+++ Source material

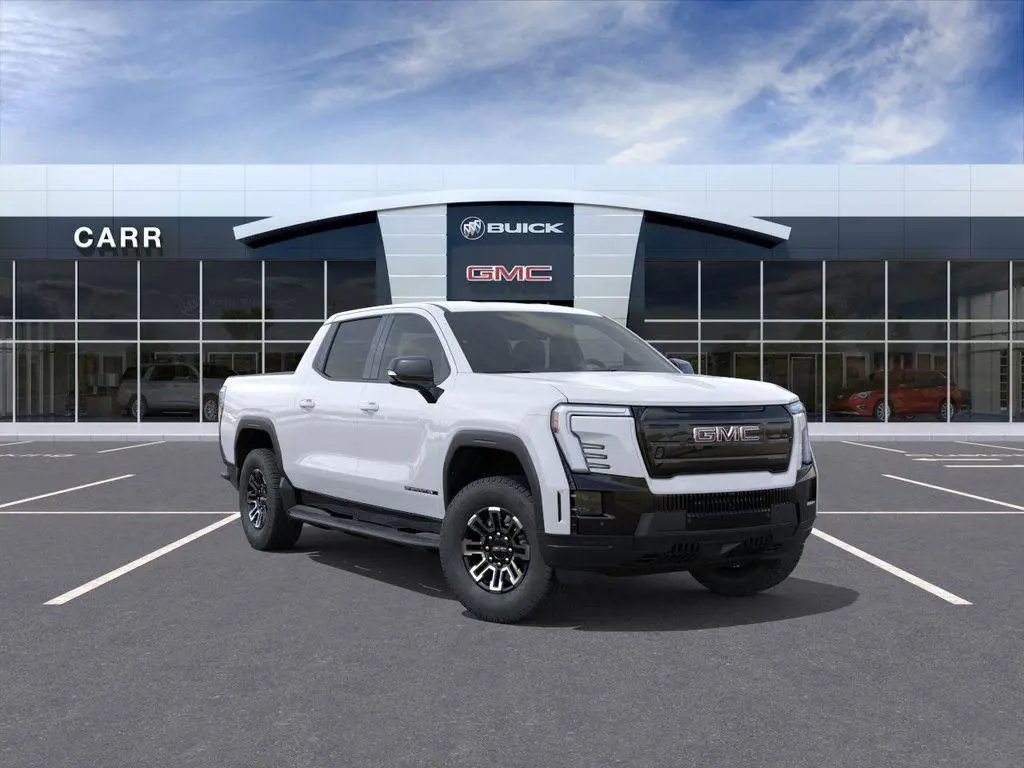 2026 GMC Sierra EV Elevation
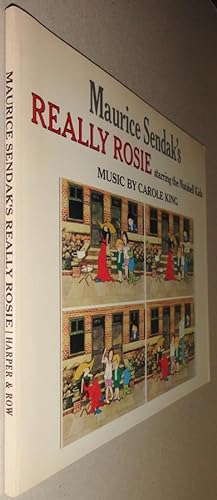 Maurice Sendak's Really Rosie: Starring the Nutshell Kids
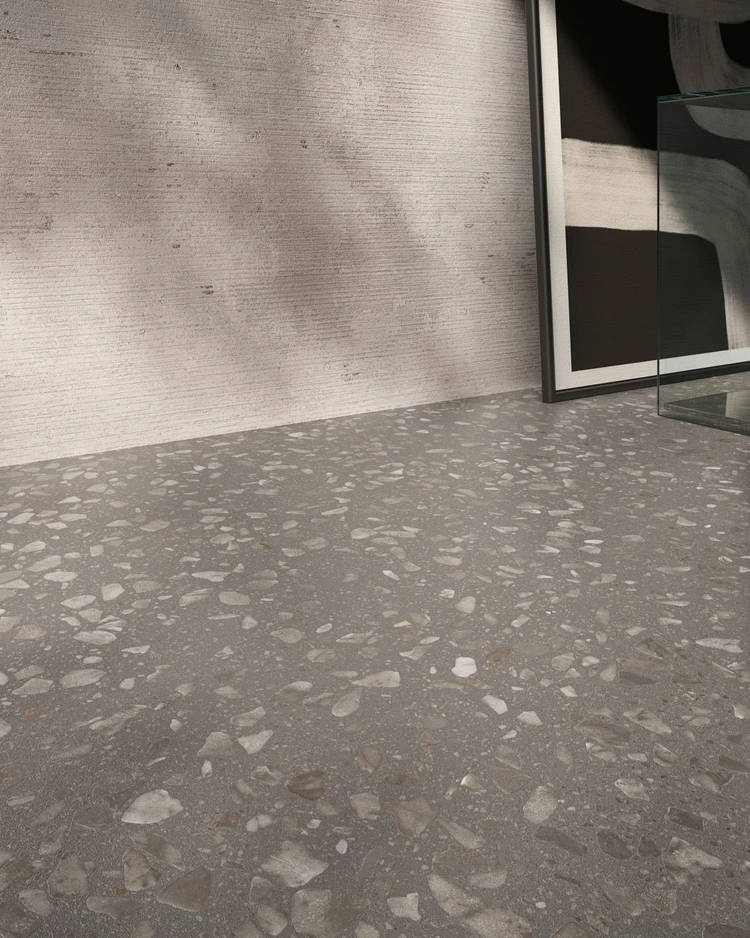 Glow Concrete, Glow Grey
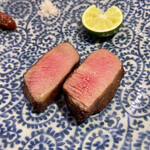 The INNOCENT CARVERY - 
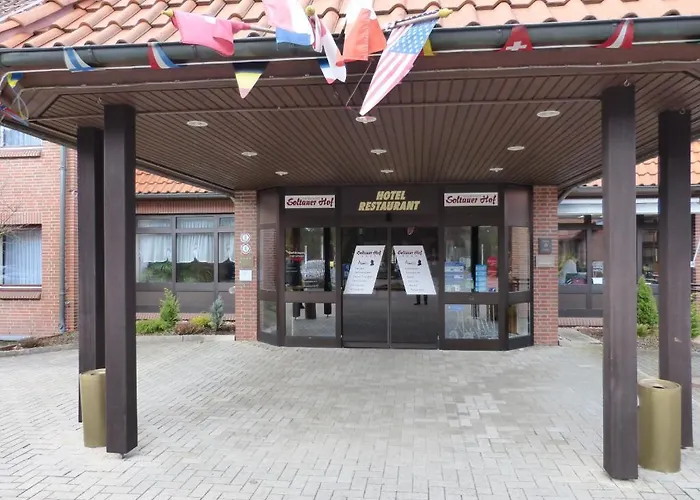 Heidehotel Soltauer Hof Hotel 4*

++++++

* _Prompt_
With pictures omitted, copy exactly the lines from the one containing "The INNOCENT CARVERY" through the final line of the listing, both included.

* _Response area_
 The INNOCENT CARVERY - 
 Heidehotel Soltauer Hof Hotel 4*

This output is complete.